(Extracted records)
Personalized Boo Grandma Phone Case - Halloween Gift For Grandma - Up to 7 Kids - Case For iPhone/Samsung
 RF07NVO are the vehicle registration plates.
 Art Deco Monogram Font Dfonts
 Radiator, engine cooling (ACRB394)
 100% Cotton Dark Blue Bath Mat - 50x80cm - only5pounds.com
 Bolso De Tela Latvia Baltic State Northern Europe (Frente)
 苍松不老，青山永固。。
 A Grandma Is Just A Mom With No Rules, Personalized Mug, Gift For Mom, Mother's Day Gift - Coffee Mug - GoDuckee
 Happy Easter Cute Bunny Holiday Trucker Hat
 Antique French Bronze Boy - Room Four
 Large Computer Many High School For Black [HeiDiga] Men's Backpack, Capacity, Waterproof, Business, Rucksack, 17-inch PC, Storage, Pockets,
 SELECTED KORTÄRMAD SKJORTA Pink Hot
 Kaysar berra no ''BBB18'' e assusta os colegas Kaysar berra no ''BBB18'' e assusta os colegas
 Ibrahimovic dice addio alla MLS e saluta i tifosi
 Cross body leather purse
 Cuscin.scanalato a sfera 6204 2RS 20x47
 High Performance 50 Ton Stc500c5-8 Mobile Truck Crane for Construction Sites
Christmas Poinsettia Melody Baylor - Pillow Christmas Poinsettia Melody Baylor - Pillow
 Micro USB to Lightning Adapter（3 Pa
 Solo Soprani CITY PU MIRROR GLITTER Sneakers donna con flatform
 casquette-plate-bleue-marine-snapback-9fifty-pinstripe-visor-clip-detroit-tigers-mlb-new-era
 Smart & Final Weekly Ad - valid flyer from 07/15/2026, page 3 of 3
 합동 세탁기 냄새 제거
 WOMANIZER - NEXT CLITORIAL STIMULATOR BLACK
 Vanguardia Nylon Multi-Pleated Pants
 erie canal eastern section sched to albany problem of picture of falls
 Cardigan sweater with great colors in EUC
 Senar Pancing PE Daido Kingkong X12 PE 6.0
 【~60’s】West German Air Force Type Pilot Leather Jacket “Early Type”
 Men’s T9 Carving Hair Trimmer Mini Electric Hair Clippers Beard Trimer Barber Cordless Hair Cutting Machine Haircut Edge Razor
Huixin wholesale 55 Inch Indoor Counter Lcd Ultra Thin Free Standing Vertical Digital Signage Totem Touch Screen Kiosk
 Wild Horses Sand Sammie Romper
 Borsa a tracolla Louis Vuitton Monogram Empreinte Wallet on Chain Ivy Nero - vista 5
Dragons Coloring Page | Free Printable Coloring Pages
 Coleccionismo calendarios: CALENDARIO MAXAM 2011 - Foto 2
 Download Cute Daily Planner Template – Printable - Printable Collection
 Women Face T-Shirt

[Problem to solve]: Would you copy out exactly the lines above that start at the one containing "Senar Pancing PE Daido Kingkong X12 PE 6.0" and end at the one containing "Huixin wholesale 55", inclusive?

[The completed task]:
 Senar Pancing PE Daido Kingkong X12 PE 6.0
 【~60’s】West German Air Force Type Pilot Leather Jacket “Early Type”
 Men’s T9 Carving Hair Trimmer Mini Electric Hair Clippers Beard Trimer Barber Cordless Hair Cutting Machine Haircut Edge Razor
Huixin wholesale 55 Inch Indoor Counter Lcd Ultra Thin Free Standing Vertical Digital Signage Totem Touch Screen Kiosk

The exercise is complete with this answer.